Yūji Takahashi (高橋 悠治, Takahashi Yūji) is a composer, pianist, critic, conductor, and author.

==Biography==
Yuji Takahashi studied under Roh Ogura and Minao Shibata at the Toho Gakuen School of Music. In 1960, he made his debut as a pianist by performing Bo Nilsson's Quantitäten.
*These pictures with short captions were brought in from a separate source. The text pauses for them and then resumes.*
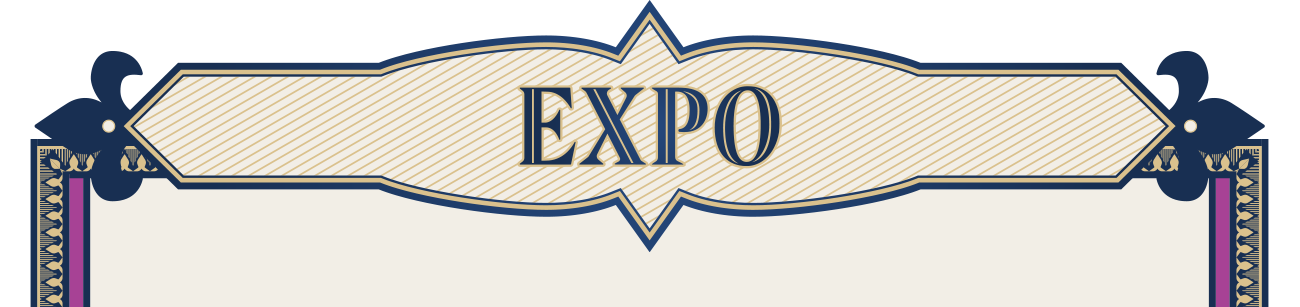 EXPO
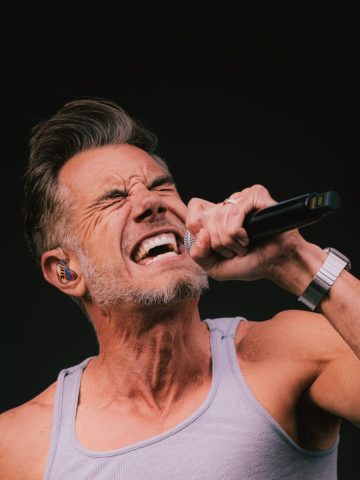 20251213-311-DSC07100-2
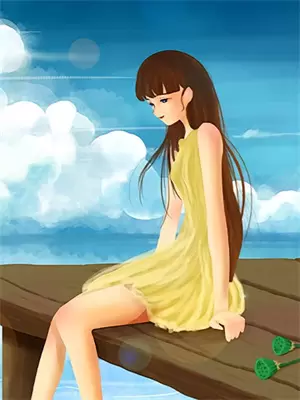 双男cp小说在线阅读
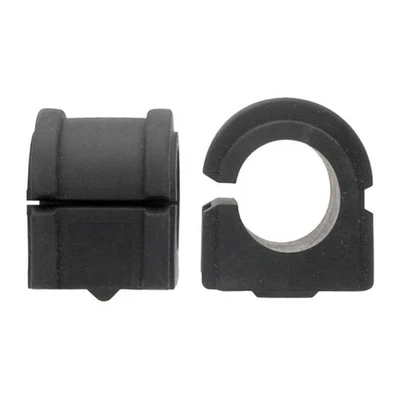 Genuine ACDelco For Pontiac Montana 1999-2007 Sway Bar Bushing Front | 19463475 - Изображение 1 из 4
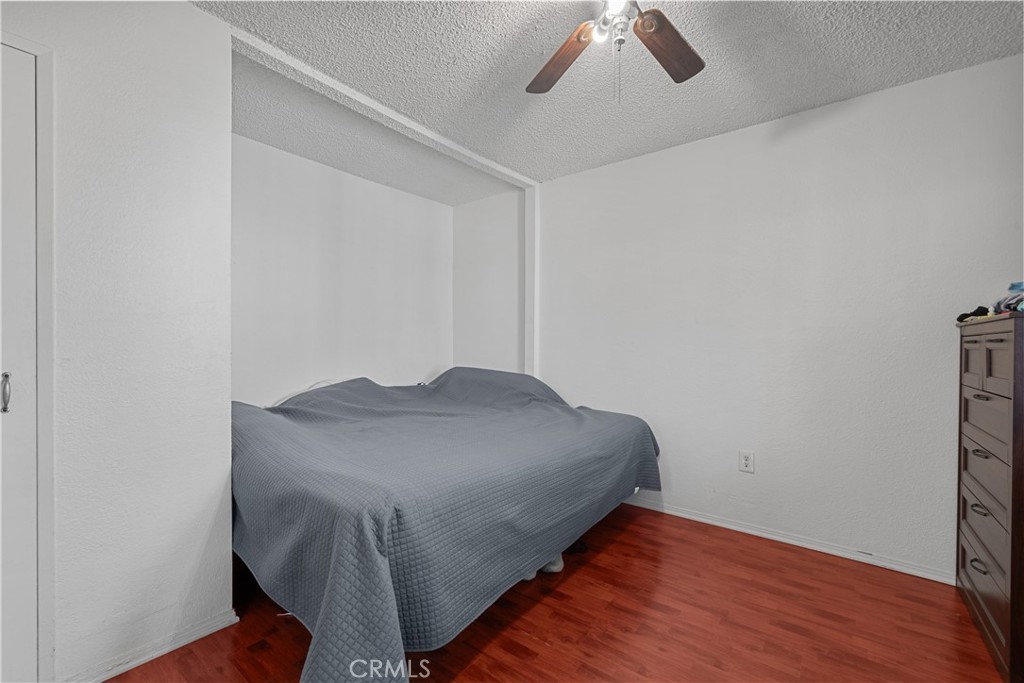 178 E 49th Street Property Photo 32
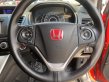 2013 Honda CR-V 2.4 EL 4WD SUV -2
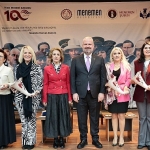 menemende-medeni-kanunun-100-yilina-ozel-kutlama.jpg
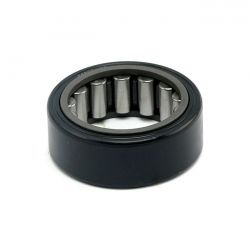 MCS Bearing, Pinion/Sprocket Shaft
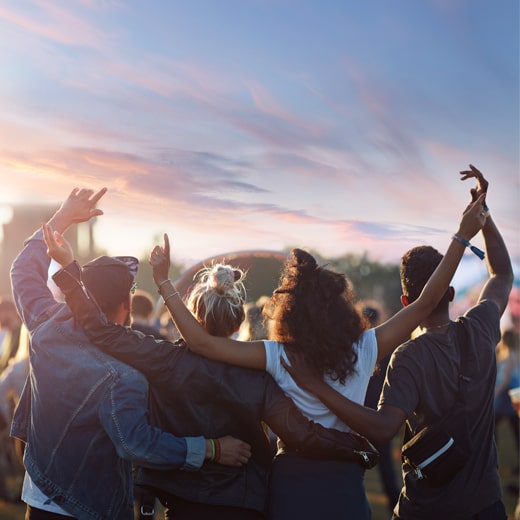 Redeem and Earn My Chevrolet Rewards Points when purchasing a Rewarding Experience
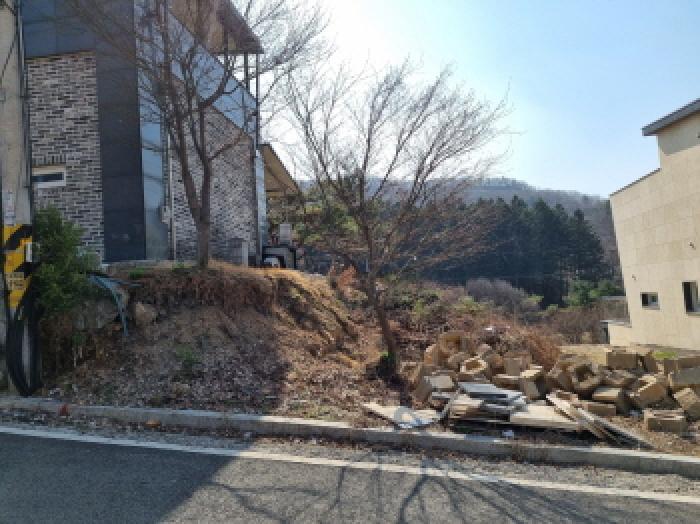 물건 사진 10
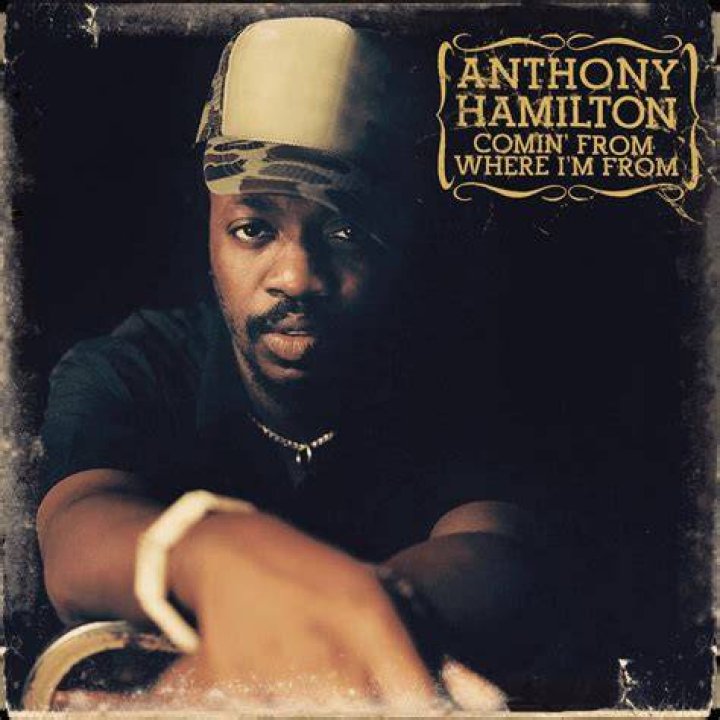 Mp3 juice anthony hamilton charlene lyrics
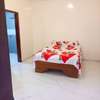 STUDIO MEUBLE DALIFOR 3 JOURS MINIMUM thumb 0
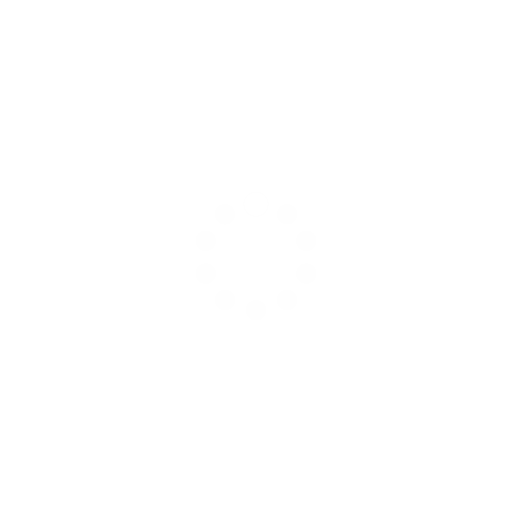 Merge The Number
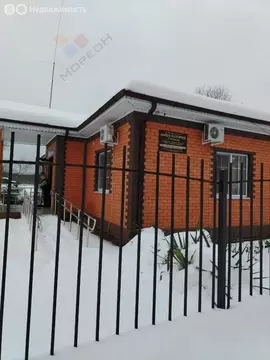 Участок в станица Кубанская, Красная улица, 34 (16.14 м)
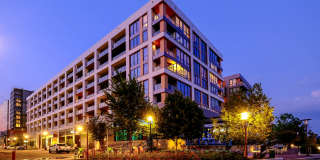 River Point Gallery 3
He received a grant from The Ford Foundation to study in West Berlin under Iannis Xenakis in 1962 and stayed in Europe until 1966, also stayed in New York under Rockefeller Foundation scholarship until 1972.
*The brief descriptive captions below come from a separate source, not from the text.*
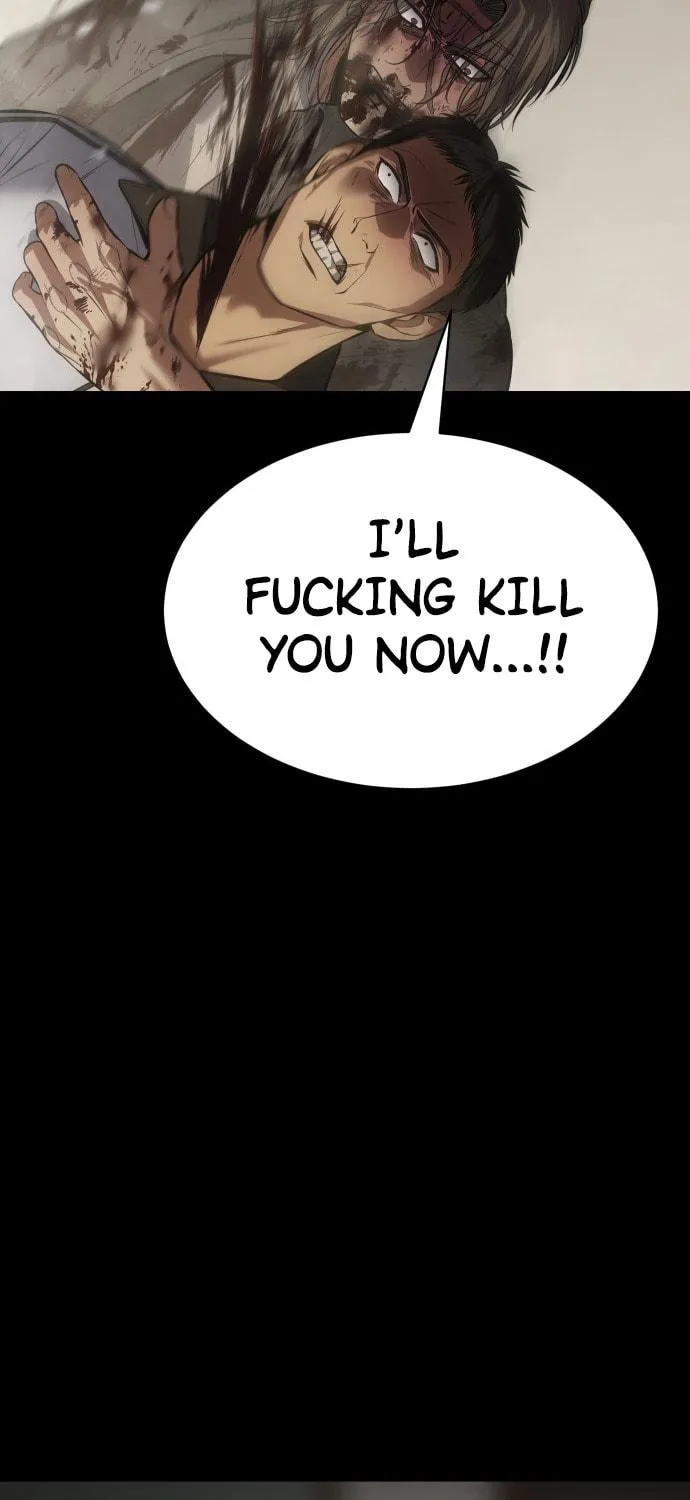 Baek XX Chapter 72 page 78 - 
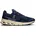 Damen Ink / Glacier 38,5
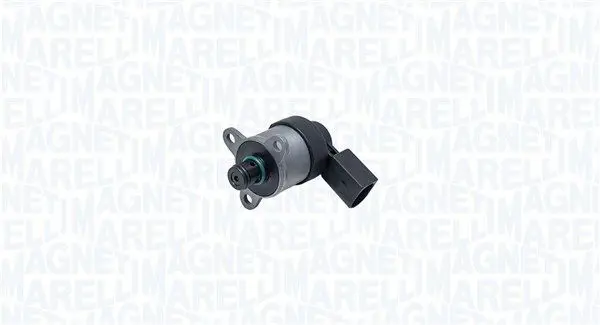 MAGNETI MARELLI 215820001800 Редукционный клапан,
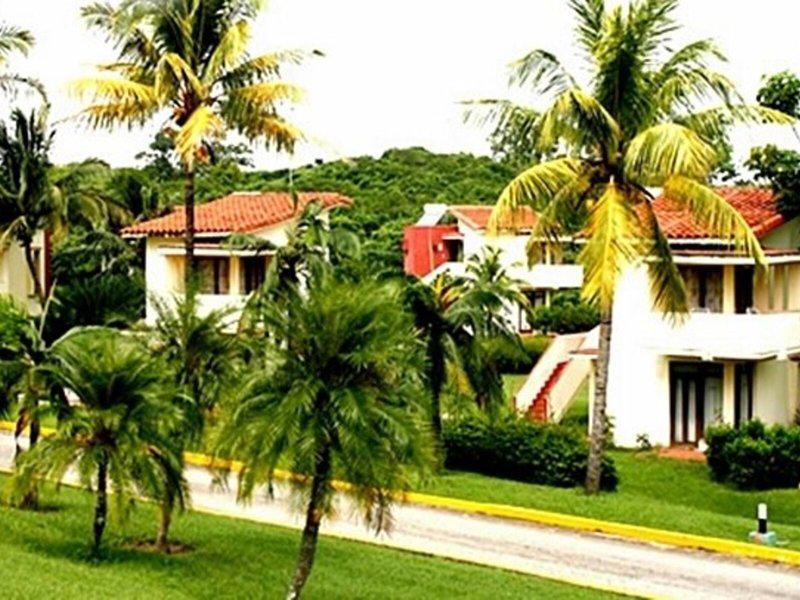 5CE45B1B2CD765D439A2A49C31AFA00C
He founded 'Suigyu Gakudan' (Water Buffalo band) in 1978 as introducing international protest songs, starting from Thailand, mainly performing Asian songs, also published monthly journal 'Suigyu Tsushin'.

==Selected works==
- Time (tape)
- Chromamorphe I (fl, hrn in F, trp in C, trb, vib, vn, cb)
- Chromamorphe II (pf)
- 6 Stoicheia (4vn)
- Rosace I (amplified vn)
- Rosace II (pf)
- Operation Euler (2 or 3ob)
- Metathesis I (pf)
- Manangali (didactic piece for women's chorus)
- Three Poems of Mao Tse-Tung (pf or vo[cho], pf)
- Chained Hands in Prayer (pf)
- For You I Sing This Song (cl in B flat, vn, vc, pf) (1976)
- Ji(t) (fl, pf)
- Sieben Rosen hat ein Strauch (vn)
- Kwanju, May 1980 (pf)
- The Pain of the Wandering Wind (pf)
- Like a Water-Buffalo (acc)
- Turn the Corner of the Morning (perc)
- Thread Cogwheels (koto, orch)
- Insomnia (vn, hp)
- Bed Story (vo, koto)
- Sea of Mud (cho, perc)
- Like Swans Leaving the Lake, for viola and accordion (1995)
- Mimi no ho, Sail of the Ears, for Shō, viola and reciter (1994)
- Viola of Dmitri Shostakovich, for viola solo (2002)

==Selected discography==
Yuji Takahashi has over 100 Japanese releases to his credit.

===As pianist===
The complete works of Arnold Schoenberg, Anton Webern and Alban Berg, music by Messiaen (solo pieces, also Visions de l'Amen with Peter Serkin), Iannis Xenakis, John Cage, Rzewski, Na, Cornelius Cardew, Takemitsu, the Indonesian composer Slamet Abdul Sjukur, Earle Brown and Roger Reynolds.

J.S. Bach's The Art of the Fugue (BWV 1080) twice, the Goldberg Variations (BWV 988) twice, the E minor Toccata and the complete Inventions and Sinfonias; two volumes of Satie's solo piano music; a Sonata of Wilhelm Friedemann Bach and Marche et Reminiscences pour mon dernier voyage of Rossini.

===As conductor===
Music by Iannis Xenakis, José Maceda, Sofia Gubaidulina, John Zorn and Edgard Varèse.

===Suigyu Gakudan===
- 1984 Kyugyo (Cassette)
- 2001 Suigyu Gakudan (CD)

==Award==
- 2006 Foundation for Contemporary Arts Grants to Artists Award.